» WORK INSTRUCTION: From the entries below, copy out every line with "Blue" in it.

(Data excerpts)
========================================================================

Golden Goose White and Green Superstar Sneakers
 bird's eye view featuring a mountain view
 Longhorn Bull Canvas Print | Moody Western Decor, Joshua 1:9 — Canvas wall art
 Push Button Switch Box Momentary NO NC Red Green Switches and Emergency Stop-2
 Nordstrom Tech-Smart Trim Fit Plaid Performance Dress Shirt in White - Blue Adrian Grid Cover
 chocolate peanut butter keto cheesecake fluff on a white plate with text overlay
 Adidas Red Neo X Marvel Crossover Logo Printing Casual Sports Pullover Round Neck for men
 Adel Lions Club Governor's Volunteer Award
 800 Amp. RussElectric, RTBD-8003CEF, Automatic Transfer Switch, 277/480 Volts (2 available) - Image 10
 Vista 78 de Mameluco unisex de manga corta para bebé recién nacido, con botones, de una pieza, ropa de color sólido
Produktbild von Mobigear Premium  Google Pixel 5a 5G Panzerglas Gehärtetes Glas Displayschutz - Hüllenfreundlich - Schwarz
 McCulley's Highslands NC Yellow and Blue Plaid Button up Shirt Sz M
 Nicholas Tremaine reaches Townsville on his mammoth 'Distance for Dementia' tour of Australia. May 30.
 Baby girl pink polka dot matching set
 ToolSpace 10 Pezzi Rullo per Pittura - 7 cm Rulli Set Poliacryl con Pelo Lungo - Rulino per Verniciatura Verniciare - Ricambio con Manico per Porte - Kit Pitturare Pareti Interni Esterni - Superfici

========================================================================

» REPLY:
 Nordstrom Tech-Smart Trim Fit Plaid Performance Dress Shirt in White - Blue Adrian Grid Cover
 McCulley's Highslands NC Yellow and Blue Plaid Button up Shirt Sz M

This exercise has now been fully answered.